It is quite significant when EU heavyweights such as France and Germany take a stand on an important issue like immigration and diversity. Recent statements by German Chancellor Angela Merkel are a good example of the disturbing trend, when she stated that multiculturalism had “utterly failed” in Germany.
The statement by Merkel, which does nothing to promote greater integration between different groups in Germany, does not bring anything constructive to the table. At the best, it ends up polarizing Germans of different ethnic and religious origin even more.
A critical journalist would ask why Merkel is making such affirmations at this particular moment. The answer is simple: Germany will hold elections in a number of states in 2011.
Merkel’s statement even caused a reaction from UN Secretary Ban Ki Moon, who warned against a “dangerous trend” of intolerance emerging in Europe especially against Muslim immigrants.
“A dangerous trend is emerging, a new politics of polarization.
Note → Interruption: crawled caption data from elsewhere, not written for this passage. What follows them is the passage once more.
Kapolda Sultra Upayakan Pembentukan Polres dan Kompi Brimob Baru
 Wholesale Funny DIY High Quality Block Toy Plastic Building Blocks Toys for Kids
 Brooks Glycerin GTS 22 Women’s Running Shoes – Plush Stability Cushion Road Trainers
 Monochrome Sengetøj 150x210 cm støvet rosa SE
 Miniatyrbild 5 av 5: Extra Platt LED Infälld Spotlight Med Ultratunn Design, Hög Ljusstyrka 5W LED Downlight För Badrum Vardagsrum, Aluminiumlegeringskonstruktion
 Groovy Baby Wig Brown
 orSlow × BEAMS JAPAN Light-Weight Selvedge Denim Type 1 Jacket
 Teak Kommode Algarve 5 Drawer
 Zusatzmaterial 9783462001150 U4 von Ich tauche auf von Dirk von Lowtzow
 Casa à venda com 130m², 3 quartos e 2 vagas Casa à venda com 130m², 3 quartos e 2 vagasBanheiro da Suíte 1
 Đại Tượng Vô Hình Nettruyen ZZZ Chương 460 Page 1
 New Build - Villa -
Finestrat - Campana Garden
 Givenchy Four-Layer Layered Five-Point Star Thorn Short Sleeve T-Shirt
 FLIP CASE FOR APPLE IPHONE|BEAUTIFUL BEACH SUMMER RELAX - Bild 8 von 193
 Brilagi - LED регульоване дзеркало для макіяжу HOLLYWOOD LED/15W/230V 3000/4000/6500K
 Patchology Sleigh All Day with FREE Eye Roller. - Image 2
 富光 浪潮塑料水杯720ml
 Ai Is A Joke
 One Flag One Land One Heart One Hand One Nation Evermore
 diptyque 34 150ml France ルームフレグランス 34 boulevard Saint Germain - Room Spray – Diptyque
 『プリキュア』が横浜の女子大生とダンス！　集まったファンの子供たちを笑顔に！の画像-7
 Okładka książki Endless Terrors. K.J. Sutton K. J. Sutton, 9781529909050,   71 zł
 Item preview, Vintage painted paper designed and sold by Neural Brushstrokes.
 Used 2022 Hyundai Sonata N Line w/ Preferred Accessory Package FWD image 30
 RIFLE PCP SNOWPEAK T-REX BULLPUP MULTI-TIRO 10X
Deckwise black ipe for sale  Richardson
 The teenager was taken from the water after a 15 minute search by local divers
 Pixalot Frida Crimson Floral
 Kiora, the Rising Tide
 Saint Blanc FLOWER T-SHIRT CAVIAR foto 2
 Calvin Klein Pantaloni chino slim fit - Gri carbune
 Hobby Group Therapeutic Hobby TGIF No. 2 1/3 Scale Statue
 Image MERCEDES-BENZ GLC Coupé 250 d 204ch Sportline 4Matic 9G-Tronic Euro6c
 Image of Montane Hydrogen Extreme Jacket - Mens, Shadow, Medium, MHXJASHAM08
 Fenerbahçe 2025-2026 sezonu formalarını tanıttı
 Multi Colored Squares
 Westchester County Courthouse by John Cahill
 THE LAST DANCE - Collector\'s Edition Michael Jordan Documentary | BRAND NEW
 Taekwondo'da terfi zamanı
Some play on people’s fears,” he said. “They accuse immigrants of violating European values. Yet too often it is the accusers who subvert these values and thus the very idea of what it means to be a citizen of the European Union.”
What is the danger of ever-greater intolerance and polarization in Europe? For one it paves the way for other minority groups to become targets and victims of intolerance. It would be naive to think that the only “enemy” are Muslims.
The greatest threat to Europe is not any particular ethnic or religious group but those who want to draw us apart from our diversity.
If the worrying trend continues in a global climate of economic uncertainty, it has the ability of impoverishing us in many ways. Instead of reaping benefits from our diversity we will be spending too much time hating each other.